Monsieur le Président, chers collègues, en 2006, lors de la délibération validant la première convention, nous avions prévenu que, comme dans toute décentralisation, le risque était grand que l’Etat, d’année en année, diminue ce transfert, alors que l’AFPA, elle, deviendrait de plus en plus gourmande.
C’est chose faite et vous le constatez hardiment page 10 de votre rapport, je vous cite : “les conditions et le cadre juridique de la décentralisation opérés par la loi du 13 août 2004 sont susceptibles de mettre en cause la survie de l’AFPA. En effet, la plus grande incertitude pèse sur les conditions d’emploi des crédits au-delà de l’échéance du 31 décembre 2008, sur le devenir des services associés, qu’il s’agisse de l’hébergement, de la restauration, de l’accompagnement des stagiaires et sur la gestion du patrimoine de l’association.”

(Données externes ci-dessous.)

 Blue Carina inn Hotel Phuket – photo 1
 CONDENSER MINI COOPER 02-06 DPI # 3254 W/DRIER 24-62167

CQFD, ce qu’il fallait démontrer, même si l’article 7 de la convention intitulé “Pilotage, suivi et évaluation” prévoit des “Tableaux de bord de suivi et de rendu compte”, ainsi qu’un “comité de pilotage et de suivi”. Sacré pilotage qui nous a emmenés droit dans le mur, et l’AFPA avec !
Monsieur le Président, chers collègues, ce transfert qui nous était présenté comme la solution est devenu une usine à gaz de plus, une usine déficitaire de surcroît. J’ose à peine vous le rappeler, tant c’est évident, l’unique, la seule solution passe par l’entreprise, car elle seule crée de l’emploi, elle seule transmet les savoir-faire, en restant à la pointe de la technologie.
Que la Région ne sache pas faire, passe encore, et ce n’est pas faute d’avoir prévenu, mais que cela coûte de plus en plus d’argent pour maintenir des structures rapportées par la force de la loi, cela n’est plus acceptable car, au bout du compte, ce sont toujours les Rhônalpins qui paient avec leurs impôts, impôts sans cesse en augmentation, alors que leur pouvoir d’achat ne cesse de diminuer.
Comme disaient nos anciens : “Charité bien ordonnée commence par soi-même”. C’est la raison pour laquelle nous n’accepterons pas cette prolongation ruineuse de convention.
Monsieur le Président, je vous remercie.